Action item:
Among the entries below, only the lines from the one with "Cookie Jam: Level 1113 thumbnail" through the one with "EyePet - PSP - Juego Virtual Pet" are to be retyped, exactly and without pictures.

Material to process:
>>>
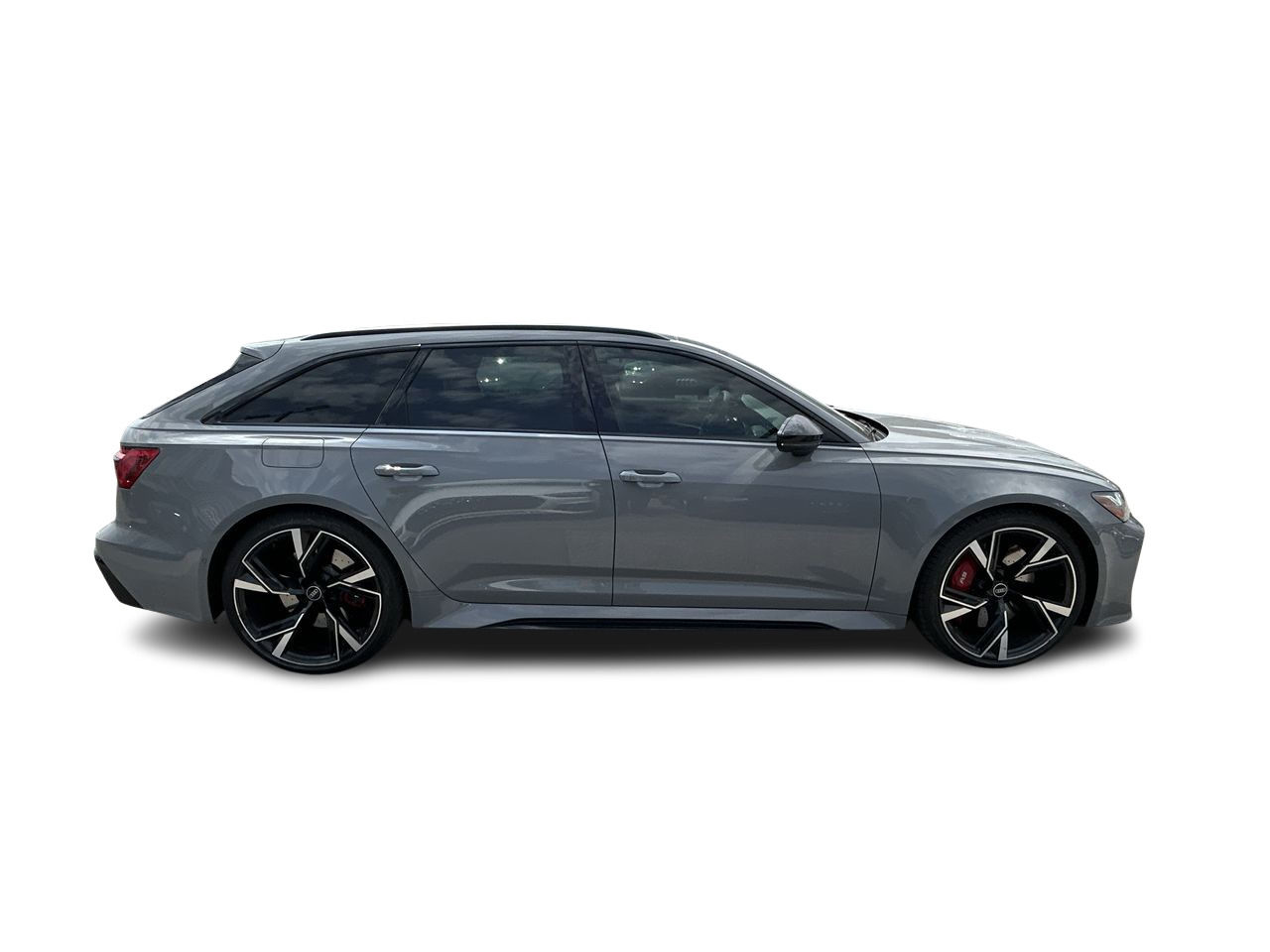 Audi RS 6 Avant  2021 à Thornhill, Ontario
<<<
>>>
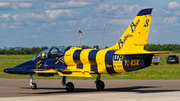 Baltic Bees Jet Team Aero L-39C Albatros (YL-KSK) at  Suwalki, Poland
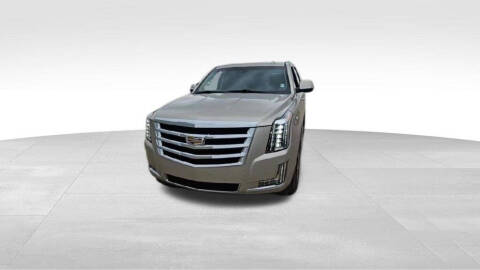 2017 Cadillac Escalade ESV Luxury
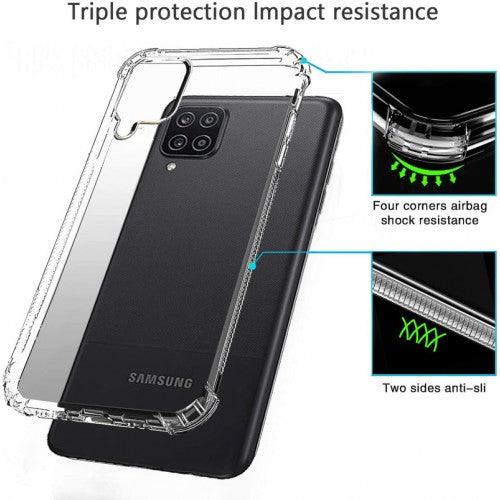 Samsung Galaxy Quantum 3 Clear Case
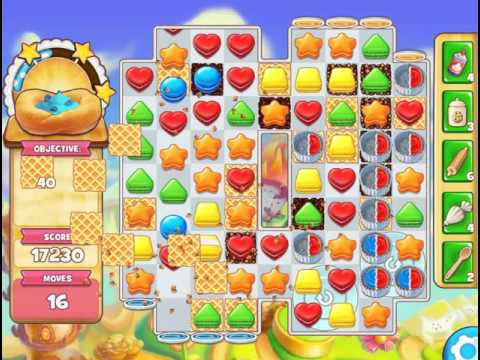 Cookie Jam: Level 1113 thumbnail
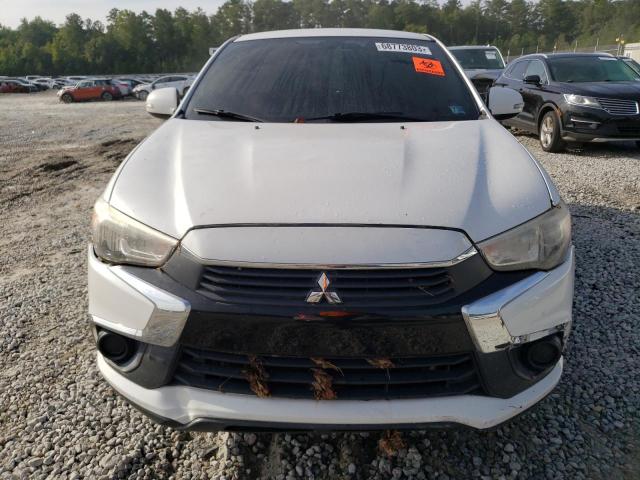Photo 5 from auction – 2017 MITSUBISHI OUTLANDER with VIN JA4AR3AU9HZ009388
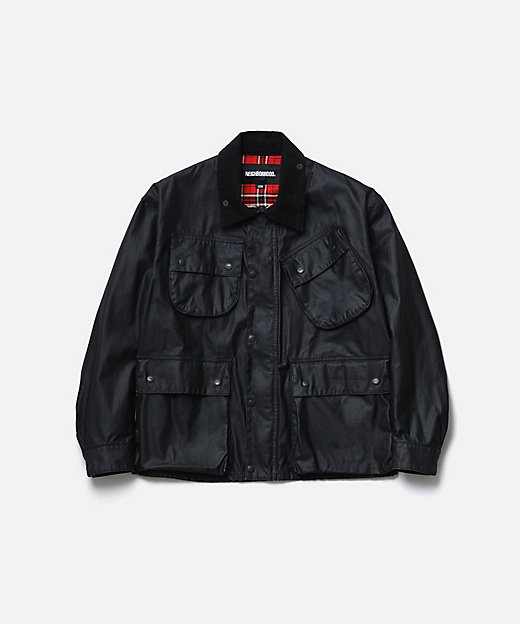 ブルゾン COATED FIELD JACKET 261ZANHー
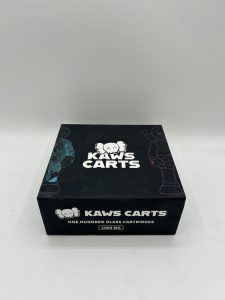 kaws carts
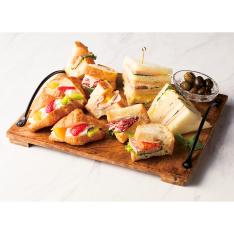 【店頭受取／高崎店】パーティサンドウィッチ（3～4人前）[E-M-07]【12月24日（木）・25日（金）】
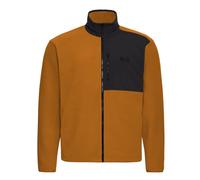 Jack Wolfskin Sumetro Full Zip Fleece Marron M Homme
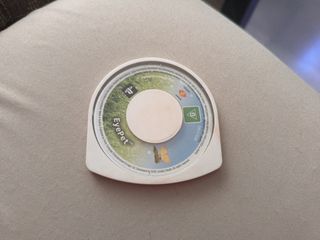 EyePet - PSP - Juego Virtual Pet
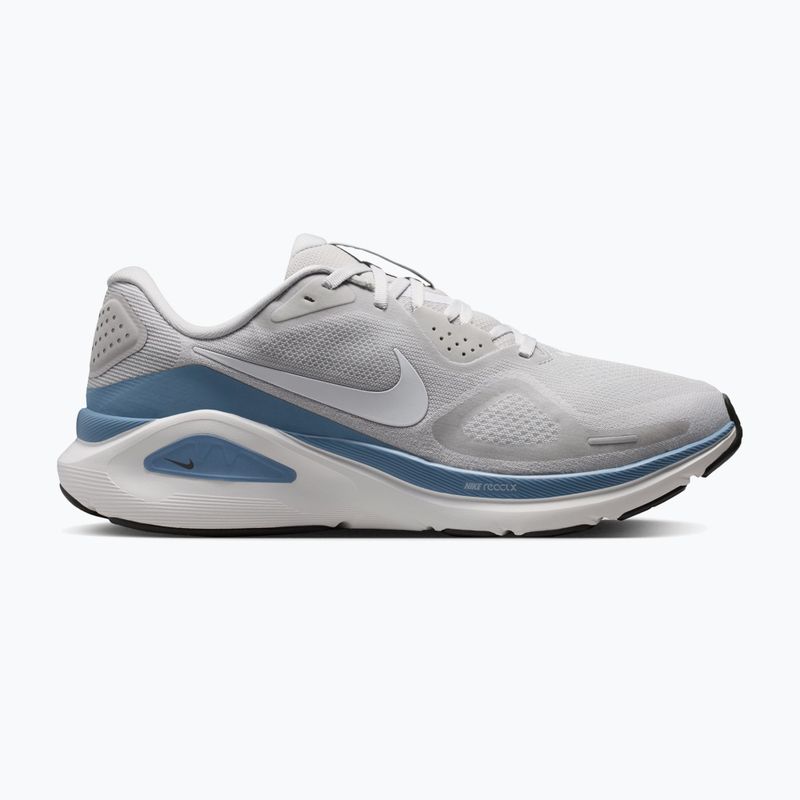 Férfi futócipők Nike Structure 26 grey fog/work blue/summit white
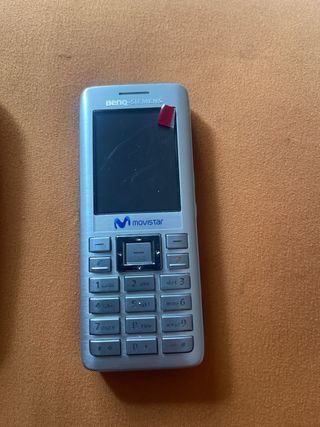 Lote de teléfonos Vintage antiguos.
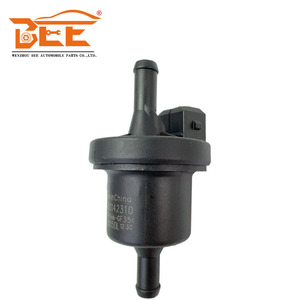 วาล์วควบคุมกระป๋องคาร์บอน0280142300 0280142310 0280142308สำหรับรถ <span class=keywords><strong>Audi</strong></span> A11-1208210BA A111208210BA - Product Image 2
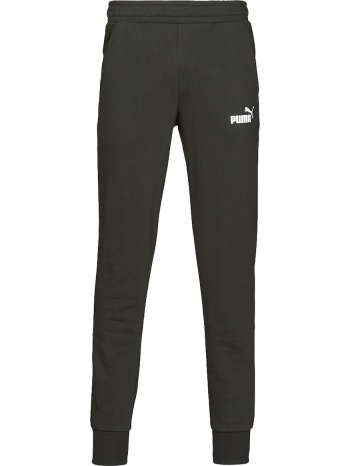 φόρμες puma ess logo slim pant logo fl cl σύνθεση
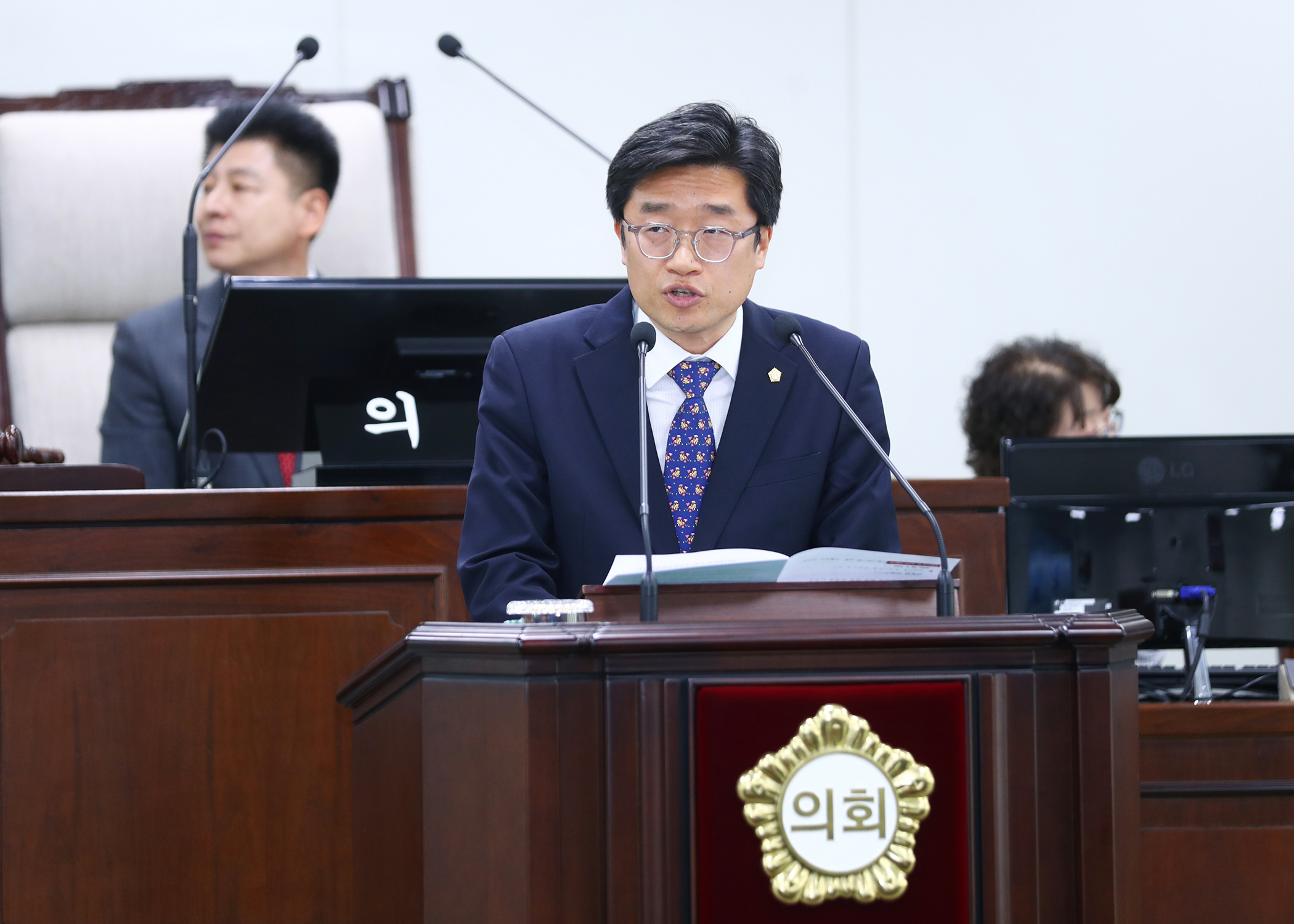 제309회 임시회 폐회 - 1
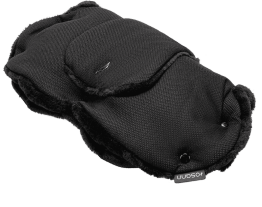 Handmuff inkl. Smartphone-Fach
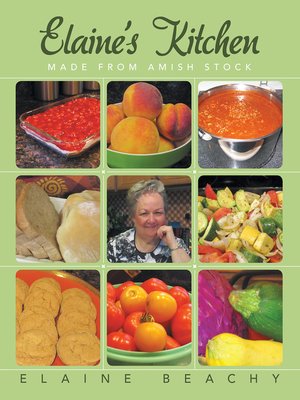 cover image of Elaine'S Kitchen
<<<
Written reply:
 Cookie Jam: Level 1113 thumbnail
Photo 5 from auction – 2017 MITSUBISHI OUTLANDER with VIN JA4AR3AU9HZ009388
 ブルゾン COATED FIELD JACKET 261ZANHー
 kaws carts
 【店頭受取／高崎店】パーティサンドウィッチ（3～4人前）[E-M-07]【12月24日（木）・25日（金）】
 Jack Wolfskin Sumetro Full Zip Fleece Marron M Homme
 EyePet - PSP - Juego Virtual Pet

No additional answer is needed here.